Cookbook cookbooks.sre.hosts.reimage started by pt1979@cumin2002 for host db1204.eqiad.wmnet with OS bullseye completed:

  • db1204 (PASS)
    • Removed from Puppet and PuppetDB if present
    • Deleted any existing Puppet certificate
    • Removed from Debmonitor if present
    • Forced PXE for next reboot
    • Host rebooted via IPMI
    • Host up (Debian installer)
    • Host up (new fresh bullseye OS)
    • Generated Puppet certificate
    • Signed new Puppet certificate
    • Run Puppet in NOOP mode to populate exported resources in PuppetDB
    • Found Nagios_host resource for this host in PuppetDB
    • Downtimed the new host on Icinga/Alertmanager
    • First Puppet run completed and logged in /var/log/spicerack/sre/hosts/reimage/202211291714_pt1979_1815992_db1204.out
    • Checked BIOS boot parameters are back to normal
    • configmaster.wikimedia.org updated with the host new SSH public key for wmf-update-known-hosts-production
    • Rebooted
    • Automatic Puppet run was successful
    • Forced a re-check of all Icinga services for the host
    • Icinga status is optimal
    • Icinga downtime removed
    • Updated Netbox data from PuppetDB
    • Updated Netbox status planned -> active
    • Cleared switch DHCP cache and MAC table for the host IP and MAC (row E/F)

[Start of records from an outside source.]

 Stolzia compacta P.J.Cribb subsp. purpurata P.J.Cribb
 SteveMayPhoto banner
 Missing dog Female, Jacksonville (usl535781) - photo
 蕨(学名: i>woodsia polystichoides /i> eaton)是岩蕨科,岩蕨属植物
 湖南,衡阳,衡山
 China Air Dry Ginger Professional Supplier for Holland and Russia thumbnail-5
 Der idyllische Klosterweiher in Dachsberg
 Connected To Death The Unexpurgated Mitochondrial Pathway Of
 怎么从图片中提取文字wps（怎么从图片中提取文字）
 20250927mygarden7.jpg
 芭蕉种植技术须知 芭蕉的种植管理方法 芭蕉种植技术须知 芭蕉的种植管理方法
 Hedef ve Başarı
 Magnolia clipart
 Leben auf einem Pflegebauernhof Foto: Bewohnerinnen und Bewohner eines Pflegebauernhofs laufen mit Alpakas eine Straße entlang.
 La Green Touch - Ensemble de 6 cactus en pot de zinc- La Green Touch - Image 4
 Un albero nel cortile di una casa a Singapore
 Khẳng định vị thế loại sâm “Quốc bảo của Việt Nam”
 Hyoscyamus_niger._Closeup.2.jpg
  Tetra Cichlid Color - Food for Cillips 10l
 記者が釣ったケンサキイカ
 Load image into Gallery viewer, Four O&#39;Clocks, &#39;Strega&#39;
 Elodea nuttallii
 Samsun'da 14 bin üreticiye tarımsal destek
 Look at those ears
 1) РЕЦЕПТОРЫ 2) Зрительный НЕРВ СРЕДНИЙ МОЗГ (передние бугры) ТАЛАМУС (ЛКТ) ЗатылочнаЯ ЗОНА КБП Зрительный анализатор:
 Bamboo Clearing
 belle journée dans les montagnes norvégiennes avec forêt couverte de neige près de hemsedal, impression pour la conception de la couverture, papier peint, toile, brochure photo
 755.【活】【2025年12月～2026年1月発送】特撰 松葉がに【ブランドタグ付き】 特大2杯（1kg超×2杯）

Cookbook cookbooks.sre.hosts.reimage started by pt1979@cumin2002 for host db1205.eqiad.wmnet with OS bullseye completed:

  • db1205 (PASS)
    • Removed from Puppet and PuppetDB if present
    • Deleted any existing Puppet certificate
    • Removed from Debmonitor if present
    • Forced PXE for next reboot
    • Host rebooted via IPMI
    • Host up (Debian installer)
    • Host up (new fresh bullseye OS)
    • Generated Puppet certificate
    • Signed new Puppet certificate
    • Run Puppet in NOOP mode to populate exported resources in PuppetDB
    • Found Nagios_host resource for this host in PuppetDB
    • Downtimed the new host on Icinga/Alertmanager
    • First Puppet run completed and logged in /var/log/spicerack/sre/hosts/reimage/202211291720_pt1979_1816032_db1205.out
    • Checked BIOS boot parameters are back to normal
    • configmaster.wikimedia.org updated with the host new SSH public key for wmf-update-known-hosts-production
    • Rebooted
    • Automatic Puppet run was successful
    • Forced a re-check of all Icinga services for the host
    • Icinga status is optimal
    • Icinga downtime removed
    • Updated Netbox data from PuppetDB
    • Updated Netbox status planned -> active
    • Cleared switch DHCP cache and MAC table for the host IP and MAC (row E/F)
Papaul updated the task description. (Show Details)

This is complete

@jcrespo do you want/have a tracking task to productionize these hosts?